Root Cause Analysis - Incident Investigation

NYT Website Disrupted for Hours

By Kim Smiley

On Tuesday, August 27, 2013 the New York Times website went dark for several hours after being attacked by a well-known group of hackers.   Reports of hacked websites are becoming increasingly common and the New York Times was just one of many recent victims.

A Cause Map, or visual root cause analysis, can be used to analyze the recent attack on the New York Times website.  A Cause Map lays out the many causes that contribute to an issue in an intuitive format that illustrates the cause-and-effect relationships.   A Cause Map is useful for understanding all the causes involved and can help when brainstorming solutions.  To see a Cause Map of this example, click on “Download PDF” above.

Some details of how the attack was done have been released, as documented on the Cause Map. The New York Times website itself was not technically hacked, but traffic was redirected away from the legitimate website to another web domain.   To pull off this feat, hackers changed the domain name records for the New York Times website after acquiring the user name and password of an employee at the domain name registrar company.  The employee inadvertently provided the information to the hackers by responding to a phishing email asking for personal information.

The email sent by the hackers looked legitimate enough to fool the employee.

So why did hackers target the New York Times in the first place?  The answer is that the New York Times is one of many western media outlets to be targeted by Syrian Electronic Army (S.E.A.), who has claimed responsibility for the attack.  The S.E.A. supports President Bashar al-Assad of Syria and is generally unhappy with the way the events in Syria have been portrayed in the West.

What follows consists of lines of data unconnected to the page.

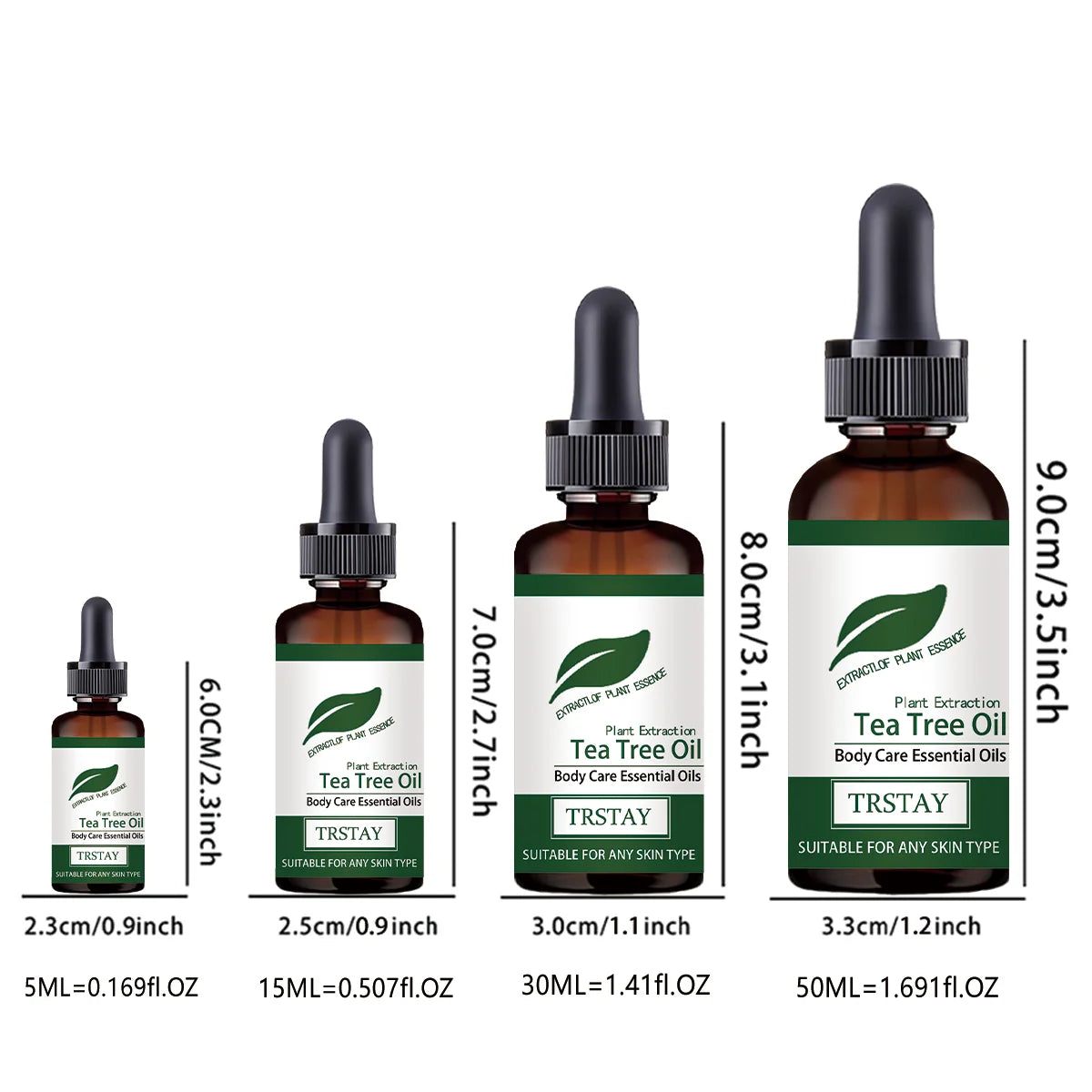 Tea Tree Essential Oil – Hydrating Face & Body Skin Care Serum
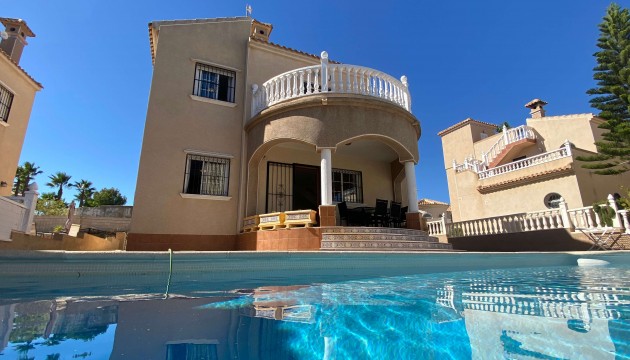 Resale - Detached Villa - Orihuela Costa - El Galan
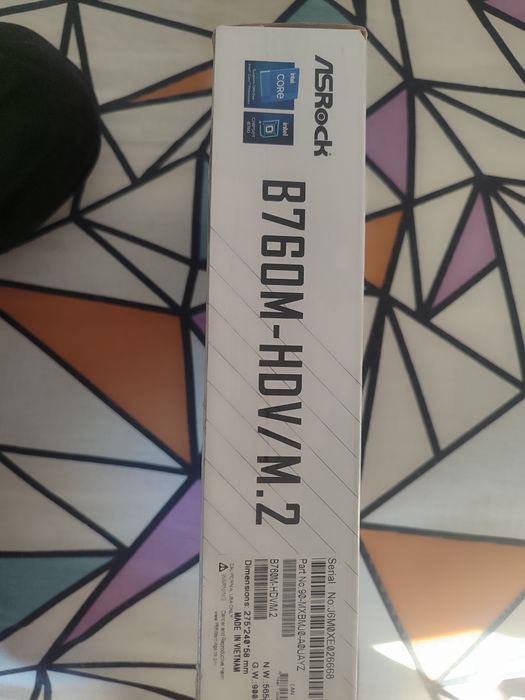 Материнская плата В760м-HDV/M.2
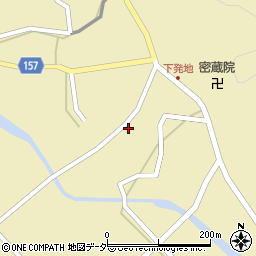 長野県北佐久郡軽井沢町発地下発地2323-1周辺の地図
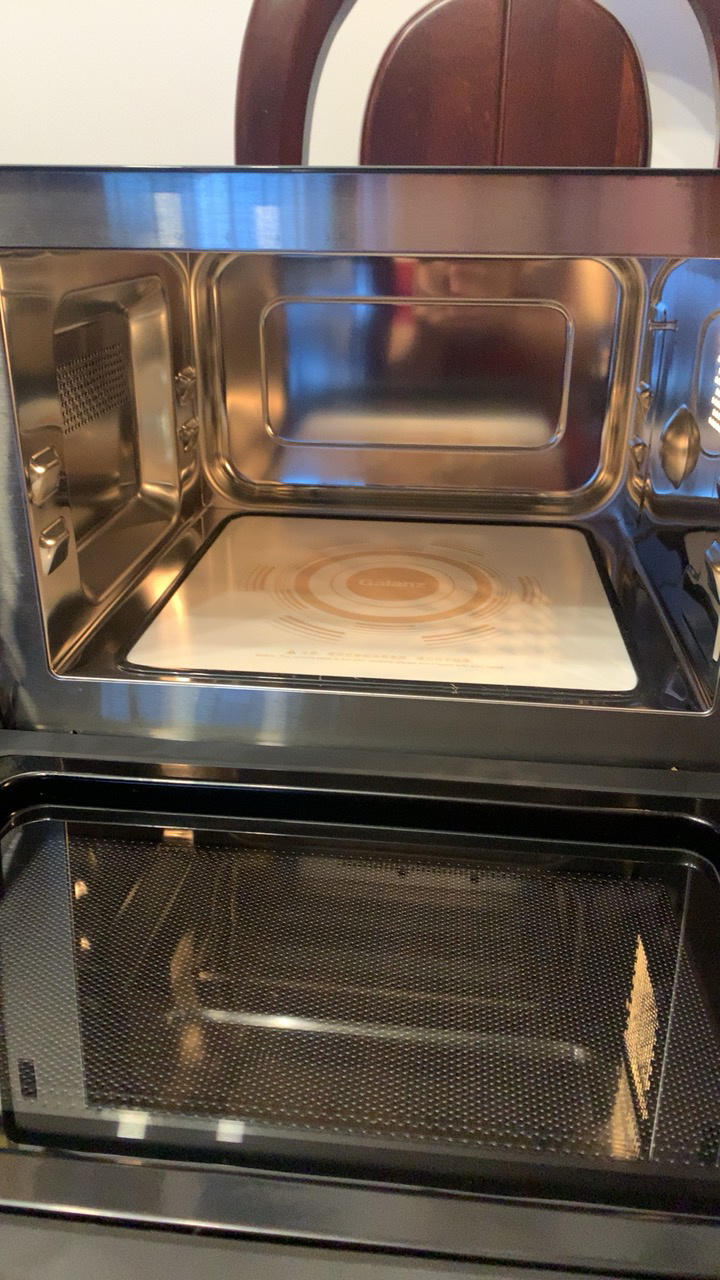 格兰仕 微波炉 变频微蒸烤一体机不锈钢内胆智能家用微波炉 G80F25MSXLVIIN-A7(B0)晒单图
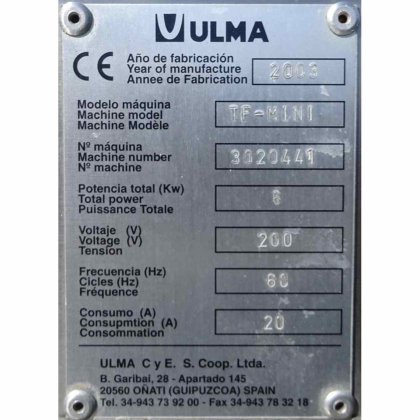 ULMA TF-MINI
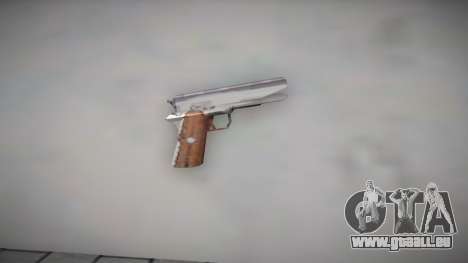 Wildey 475 Magnum Retexture for Colt Pistol pour GTA San Andreas
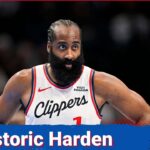 How Heroic Harden Led The LA Clippers To Snap Their Losing Streak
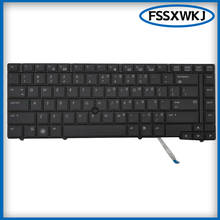 (95%New) original For HP 8440p 8440w Laptop keyboard US standard Good working 2024 - buy cheap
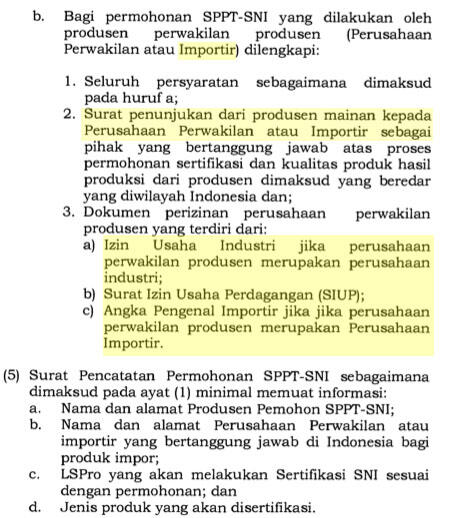 Sekarang beli Mainan di luar negri harus ada izin SNI dari Kementerian Perindustrian 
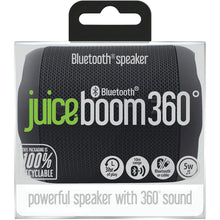 Buy Juice Boom,Juice Boom 360 Portable Bluetooth 5W Speaker – Black - Gadcet UK | UK | London | Scotland | Wales| Near Me | Cheap | Pay In 3 | Bluetooth Speakers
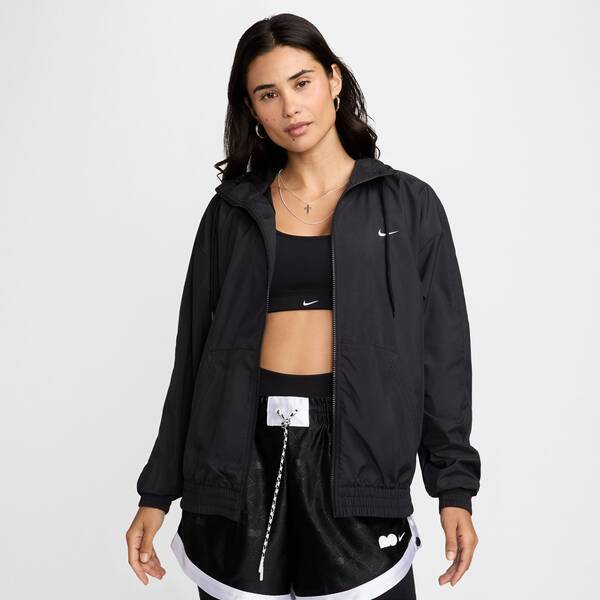 NIKE Damen Unterjacke Sportswear Classic Wovens Loose UV von Nike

So the next logical question is how do you protect yourself from a phishing scheme?  The first step is awareness.  Pretty much everybody who uses email can expect to receive some suspicious emails.  A few things to look out for:  attachments, links, misspellings, and a mismatched “from” field or subject line.  Also any alarming language should be a red flag.  For example, an email from your credit card company warning you that your account will be closed unless you take immediate action is probably not the real deal.  A good rule of thumb is to never respond to any email with personal information or to click on links in emails. If you think a request for action may be real, either call the company or open a new web browser window and type in the company’s web address.  It’s best to delete any suspicious emails immediately.

This example is also a good reminder to be aware that websites can get hacked.  A great example of this is when the S.E.A. hacked the Associated Press’s twitter feed last April and used it to announce (falsely) that the White House had been bombed.  That one tweet is estimated to have caused a $136 billion loss in the stock markets as people responded to the news.  In general, it is probably good to be skeptical about anything shocking you read online until the information is confirmed.